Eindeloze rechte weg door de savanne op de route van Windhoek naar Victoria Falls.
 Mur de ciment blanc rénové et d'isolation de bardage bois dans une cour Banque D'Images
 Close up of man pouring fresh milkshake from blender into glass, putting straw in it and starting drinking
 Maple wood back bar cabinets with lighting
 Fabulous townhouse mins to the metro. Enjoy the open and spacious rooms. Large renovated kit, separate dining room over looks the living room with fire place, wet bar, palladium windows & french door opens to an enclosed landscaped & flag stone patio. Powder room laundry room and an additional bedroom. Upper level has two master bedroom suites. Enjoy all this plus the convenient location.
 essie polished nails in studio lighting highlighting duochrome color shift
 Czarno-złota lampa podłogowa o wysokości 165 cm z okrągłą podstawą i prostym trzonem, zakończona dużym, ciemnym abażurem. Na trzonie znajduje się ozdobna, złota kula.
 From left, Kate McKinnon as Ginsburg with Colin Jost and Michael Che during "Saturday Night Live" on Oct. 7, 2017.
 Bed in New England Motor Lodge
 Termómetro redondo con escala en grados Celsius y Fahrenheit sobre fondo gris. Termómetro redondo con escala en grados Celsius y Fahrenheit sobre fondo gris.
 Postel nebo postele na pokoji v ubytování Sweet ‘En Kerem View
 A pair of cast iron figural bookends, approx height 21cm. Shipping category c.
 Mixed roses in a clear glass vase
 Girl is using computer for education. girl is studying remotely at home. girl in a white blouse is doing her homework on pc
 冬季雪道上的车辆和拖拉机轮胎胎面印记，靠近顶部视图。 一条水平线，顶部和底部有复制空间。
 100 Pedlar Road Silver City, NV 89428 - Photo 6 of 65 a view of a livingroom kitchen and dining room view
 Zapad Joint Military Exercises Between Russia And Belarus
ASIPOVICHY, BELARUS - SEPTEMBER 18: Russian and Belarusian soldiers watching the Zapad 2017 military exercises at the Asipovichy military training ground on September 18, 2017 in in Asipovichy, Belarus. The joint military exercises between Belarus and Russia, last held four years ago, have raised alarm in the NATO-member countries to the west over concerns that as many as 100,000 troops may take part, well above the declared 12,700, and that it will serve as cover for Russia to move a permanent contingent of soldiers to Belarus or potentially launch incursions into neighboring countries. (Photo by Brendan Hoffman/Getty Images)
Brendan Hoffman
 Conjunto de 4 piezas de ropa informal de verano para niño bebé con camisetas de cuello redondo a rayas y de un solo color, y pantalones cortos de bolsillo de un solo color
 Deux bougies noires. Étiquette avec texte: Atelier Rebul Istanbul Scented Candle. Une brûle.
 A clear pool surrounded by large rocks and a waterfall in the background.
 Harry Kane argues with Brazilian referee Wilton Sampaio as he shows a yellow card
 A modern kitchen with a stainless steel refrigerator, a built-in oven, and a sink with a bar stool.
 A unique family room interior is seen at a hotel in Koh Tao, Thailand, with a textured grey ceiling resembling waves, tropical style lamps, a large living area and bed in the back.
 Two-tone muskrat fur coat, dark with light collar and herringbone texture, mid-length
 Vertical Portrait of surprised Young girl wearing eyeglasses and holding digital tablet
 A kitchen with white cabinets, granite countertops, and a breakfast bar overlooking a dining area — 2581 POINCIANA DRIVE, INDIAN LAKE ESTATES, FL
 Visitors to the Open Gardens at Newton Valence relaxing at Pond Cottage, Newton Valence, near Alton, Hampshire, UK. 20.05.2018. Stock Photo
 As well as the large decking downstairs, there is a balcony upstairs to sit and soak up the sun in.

■ ■ ■ ■

Work task
Beginning at the line above that contains "100 Pedlar Road", return each line exactly through the line that contains "A clear pool", and no others.

Written solution
 100 Pedlar Road Silver City, NV 89428 - Photo 6 of 65 a view of a livingroom kitchen and dining room view
 Zapad Joint Military Exercises Between Russia And Belarus
ASIPOVICHY, BELARUS - SEPTEMBER 18: Russian and Belarusian soldiers watching the Zapad 2017 military exercises at the Asipovichy military training ground on September 18, 2017 in in Asipovichy, Belarus. The joint military exercises between Belarus and Russia, last held four years ago, have raised alarm in the NATO-member countries to the west over concerns that as many as 100,000 troops may take part, well above the declared 12,700, and that it will serve as cover for Russia to move a permanent contingent of soldiers to Belarus or potentially launch incursions into neighboring countries. (Photo by Brendan Hoffman/Getty Images)
Brendan Hoffman
 Conjunto de 4 piezas de ropa informal de verano para niño bebé con camisetas de cuello redondo a rayas y de un solo color, y pantalones cortos de bolsillo de un solo color
 Deux bougies noires. Étiquette avec texte: Atelier Rebul Istanbul Scented Candle. Une brûle.
 A clear pool surrounded by large rocks and a waterfall in the background.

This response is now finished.